Wiedlin adds that bandmates Charlotte Caffey and Kathy Valentine have, in fact, written a new song “that is good, and if we get our act together to learn it, we might perform it in concert.”
The Go-Go’s recorded three albums during the 80s and came back in 2001 with “God Bless the Go-Go’s.” It has not released any new music since then.

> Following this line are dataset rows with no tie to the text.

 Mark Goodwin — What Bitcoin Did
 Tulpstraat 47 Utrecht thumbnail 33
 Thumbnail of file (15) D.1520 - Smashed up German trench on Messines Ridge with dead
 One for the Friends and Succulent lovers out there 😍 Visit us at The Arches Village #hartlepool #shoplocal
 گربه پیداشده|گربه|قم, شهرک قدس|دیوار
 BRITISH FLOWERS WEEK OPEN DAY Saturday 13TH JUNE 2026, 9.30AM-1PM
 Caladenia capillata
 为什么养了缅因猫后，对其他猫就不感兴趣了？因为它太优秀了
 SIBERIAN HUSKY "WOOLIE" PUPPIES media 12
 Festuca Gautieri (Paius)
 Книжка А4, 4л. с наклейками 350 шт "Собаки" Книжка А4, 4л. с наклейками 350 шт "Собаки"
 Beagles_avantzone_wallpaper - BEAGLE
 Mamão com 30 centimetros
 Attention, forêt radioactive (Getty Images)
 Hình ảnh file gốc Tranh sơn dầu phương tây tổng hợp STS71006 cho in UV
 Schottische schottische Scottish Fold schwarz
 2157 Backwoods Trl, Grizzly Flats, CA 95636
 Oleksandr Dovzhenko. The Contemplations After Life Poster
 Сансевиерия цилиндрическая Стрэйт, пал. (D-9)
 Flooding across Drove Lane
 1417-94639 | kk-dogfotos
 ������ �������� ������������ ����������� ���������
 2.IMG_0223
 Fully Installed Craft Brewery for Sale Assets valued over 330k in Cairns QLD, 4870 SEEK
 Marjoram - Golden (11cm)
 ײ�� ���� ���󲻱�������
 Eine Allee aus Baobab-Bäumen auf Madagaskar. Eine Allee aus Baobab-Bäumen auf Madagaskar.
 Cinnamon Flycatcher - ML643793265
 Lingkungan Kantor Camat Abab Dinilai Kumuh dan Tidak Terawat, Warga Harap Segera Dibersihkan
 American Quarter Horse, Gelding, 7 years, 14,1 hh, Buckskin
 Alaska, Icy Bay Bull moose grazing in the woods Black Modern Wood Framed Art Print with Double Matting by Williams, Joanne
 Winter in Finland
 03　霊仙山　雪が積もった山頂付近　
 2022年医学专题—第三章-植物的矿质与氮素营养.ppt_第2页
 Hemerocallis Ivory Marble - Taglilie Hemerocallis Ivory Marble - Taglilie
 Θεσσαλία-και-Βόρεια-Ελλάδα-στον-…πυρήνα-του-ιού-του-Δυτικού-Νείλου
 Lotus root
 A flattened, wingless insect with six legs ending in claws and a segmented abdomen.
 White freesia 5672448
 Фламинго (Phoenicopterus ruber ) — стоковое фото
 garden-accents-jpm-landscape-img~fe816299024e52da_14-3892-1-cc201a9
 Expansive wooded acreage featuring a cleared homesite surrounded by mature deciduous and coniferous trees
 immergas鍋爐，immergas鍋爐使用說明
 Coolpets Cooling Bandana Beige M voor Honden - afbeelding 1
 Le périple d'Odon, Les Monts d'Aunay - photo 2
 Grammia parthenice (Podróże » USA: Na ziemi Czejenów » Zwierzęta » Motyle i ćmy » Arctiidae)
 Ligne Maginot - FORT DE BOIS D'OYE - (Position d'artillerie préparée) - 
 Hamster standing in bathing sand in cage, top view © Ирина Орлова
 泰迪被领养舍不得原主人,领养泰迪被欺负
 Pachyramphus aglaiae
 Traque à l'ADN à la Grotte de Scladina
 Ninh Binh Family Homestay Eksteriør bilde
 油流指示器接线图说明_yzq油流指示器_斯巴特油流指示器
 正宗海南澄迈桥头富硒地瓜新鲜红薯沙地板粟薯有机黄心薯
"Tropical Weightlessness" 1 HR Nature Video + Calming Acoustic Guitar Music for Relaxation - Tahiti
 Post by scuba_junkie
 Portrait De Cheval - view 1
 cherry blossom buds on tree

The group will, however, release a remastered 30th anniversary edition of the double-platinum “Beauty and the Beat” on May 17, featuring the entire original album and a second disc recorded live at The Metro in Boston during 1981, featuring non-LP tracks such as “London Boys” and “Surfing and Spying” as well as an early version of the title track for the group’s second album, “Vacation.”
The Go-Go’s hit the road for their Ladies Gone Wild tour on May 29 in Hershey, Pa., and Wiedlin says that, unlike last year’s farewell trek — which was postponed after she injured her knees in a hiking fall — there are no plans to say goodbye for good when this tour wraps in August.
“Over the course of a year everyone just started re-thinking that idea and ultimately we decided we shouldn’t say it’s a farewell tour this year,” explains Wiedlin, who also writes a comic book called Lady Robotica and recently wrote and directed a short film called “The Pyrex Glitch.” “I was not happy about it, anyway; I want to be a 90-year-old Go-Go someday. I love being a Go-Go. It definitely has its ups and downs, and we have a very intense energy with each other. Sometimes it’s amazing fun, and it’s always magical when we play live together. And sometimes we are just such a pain in the ass to each other, like, we all get on each other’s nerves because we’ve all known each other for so long. Basically it’s a five-way marriage that’s gone on for 33 years — and will keep going if I have anything to say about it.”